Architectural Differences
According to the design outlined in KIP-405, Apache Kafka’s tiered storage version adopts a two-tier storage approach, relying on both local disk and object storage. Message data is initially written to the local disk and then asynchronously uploaded to object storage based on a cooling-off strategy. Since local disks are susceptible to failure, each message needs to be replicated across multiple disks on different nodes via the ISR mechanism to ensure durability. Currently, when deploying the tiered storage version in a Public Cloud environment, Apache Kafka’s architecture remains unchanged, still using EBS as a replacement for local disks, requiring messages to be replicated across multiple EBS instances. In summary, Apache Kafka still treats EBS as a standard block storage device, with no fundamental difference from a physical hard drive in a local data center. AutoMQ employs object storage as its primary storage method, without the concept of storage tiers. However, to optimize storage efficiency, such as reducing latency for writing to object storage and improving write efficiency for large partitions, AutoMQ introduces a WAL storage mechanism. The architectural comparison is as follows:
- | WAL Storage | Kafka Tier 1 Storage |
---|---|---|
Responsibilities | Similar to a database Binlog, used for quick data persistence writes and data recovery during failures. | Core data storage, providing read, write, and replay functionalities. |
Storage Efficiency | Centralized storage, mixing all partitions’ data into one WAL file or object, offering high write efficiency and low IOPS consumption. | Decentralized storage, where the system uses independent file lists to store data of each partition, resulting in low write efficiency and high IOPS consumption. |
Storage Space | Occupies less space, around 10GiB, with deterministic storage needs. | Occupies large and uncertain space, requiring capacity assessment, with single nodes typically needing several hundred GiB. |
Storage Medium | Can choose block storage, object storage, or file storage provided by cloud providers based on latency level and durability requirements. | Usually recommended to use local hard drives or block storage services provided by cloud vendors. |
Durability Guarantee | Utilizing multiple replicas or EC (Erasure Coding) technologies in cloud storage services, data durability can generally reach reliability levels between 99.999% and 99.999999999%. | Apache Kafka’s ISR replica mechanism provides reliability but does not guarantee durability metrics. |
Multi-AZ Disaster Recovery | Cloud providers offer regional EBS, object storage, and file storage (such as AWS EFS and FSx) with multi-AZ data durability, and they waive Inter-Zone replication traffic fees. | Using ISR to implement Inter-Zone data replication will incur Inter-Zone traffic replication fees. |
Cost Advantage
In Apache Kafka’s tiered storage architecture, the first tier of EBS storage is still used as the primary storage for read and write operations. Each Kafka partition must retain at least the latest active segment on the first tier storage. This leads to the following phenomenon:- EBS space is uncertain and directly related to the number of partitions in the cluster.
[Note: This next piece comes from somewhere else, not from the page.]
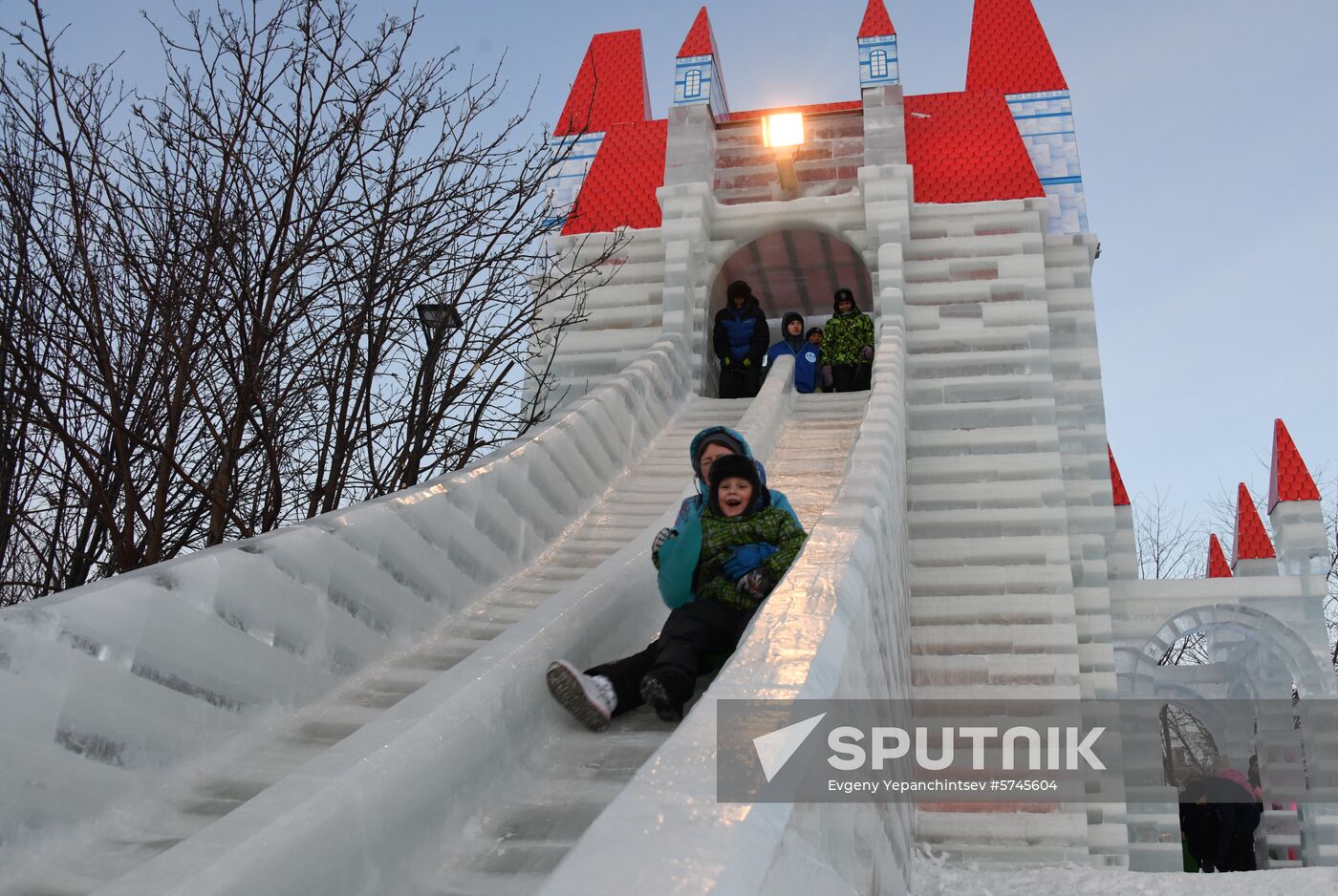 Russia New Year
- Reserving a large EBS space in the production environment is necessary to reduce risks.
- EBS reservation costs are high, and the cost reduction potential through tiered storage is limited.
Example:Taking the default configuration of Apache Kafka® as an example, with each segment size set to 1GB, if the number of active partitions is 1000, it still requires reserving 1TB of EBS.
Operations Advantage
Due to the non-fixed primary storage space in Apache Kafka’s multi-tiered storage architecture, the data left on EBS for each partition is also non-fixed. Therefore, during operations like elastic scaling and fault reassignment, the time required is also uncertain, making quick scaling unachievable. While AutoMQ’s buffer only contains up to 500MB of data that needs to be uploaded to object storage, the upload can be completed within seconds, thereby supporting second-level partition reassignment.In the case of Confluent, an expansion operation on a high-traffic cluster takes 43 hours in a non-tiered storage architecture and still requires 1.4 hours in a tiered storage architecture.